I can mention gaslighting without giving away too much about the film. I never saw the 1944 movie “Gaslight” but the term gaslighting means psychologically manipulating someone into believing she’s insane so as to control her sense of reality. In “Strait-Jacket” the ingenious way this is presented made me think of psychopathy as well as dissociation.
I have to mention one interesting fact about the film which came to me about 3:30 am this morning. I swear this was before I looked it up on the web (see reference below). I noticed that the forty whacks rhyme for Lucy Garbin is taken from the Lizzie Borden rhyme in reference to the axe murders of her parents she was accused of in the 1800s, which is cited on the Encyclopedia Britannica website.

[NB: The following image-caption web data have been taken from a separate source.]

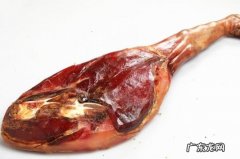 特色美食 盘点浙江十大特色名吃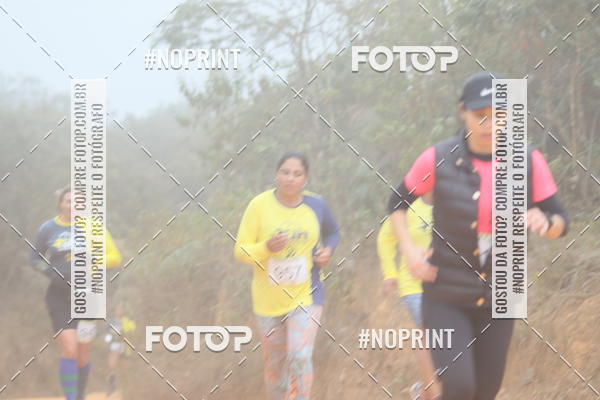 Buy your photos of the eventTrail Run - Lavras Novas on Fotop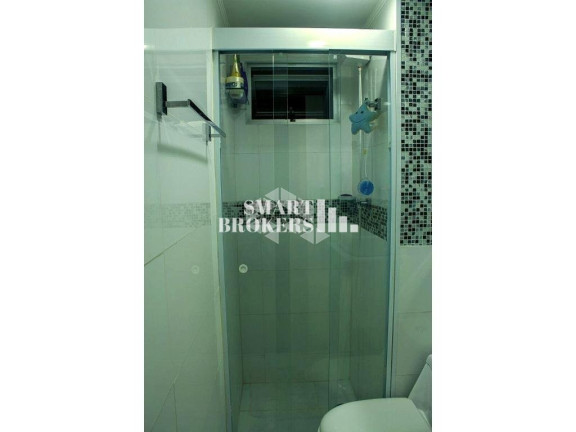 Imagem Apartamento com 2 Quartos à Venda, 54 m² em Vila Mariana - São Paulo Imagem Apartamento com 2 Quartos à Venda, 54 m² em Vila Mariana - São Paulo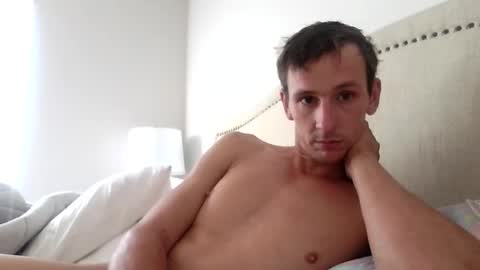 cutewaldo online show from 23, 9, 2025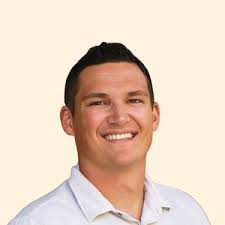 Therapists Accepting Molina Healthcare-Medicare in Utah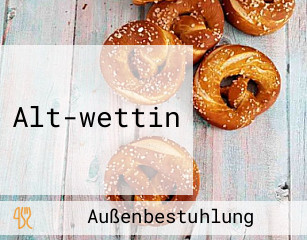 Alt-wettin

“The children’s rhyme chanted in the movie, “Lucy Harbin took an ax, gave her husband forty whacks. When she saw what she had done, gave his girlfriend forty-one”, is based on the famous rhyme about Lizzie Andrew Borden: “Lizzie Borden took an ax, gave her mother forty whacks. When she saw what she had done, gave her father forty-one.” The Grindhouse Cinema Database (GCDb). Strait Jacket/Fun Facts. Retrieved June 8, 2025, from https://www.grindhousedatabase.com/index.php/Strait_Jacket/Fun_Facts
Lohnes, Kate. “Lizzie Borden Took an Ax…”. Encyclopedia Britannica, 5 Jun. 2017, Accessed June 8, 2025 from https://www.britannica.com/biography/Lizzie-Borden-American-murder-suspect
I found the film entertaining and, although I had a fairly firm idea of who was doing what for which reason, a couple of times I had my doubts. I give the film 4/5 shrilling chickens rating. I had a reservation about the ending. See if you can figure out who has the biggest axe to grind by watching “Strait-Jacket” on the Internet Archive.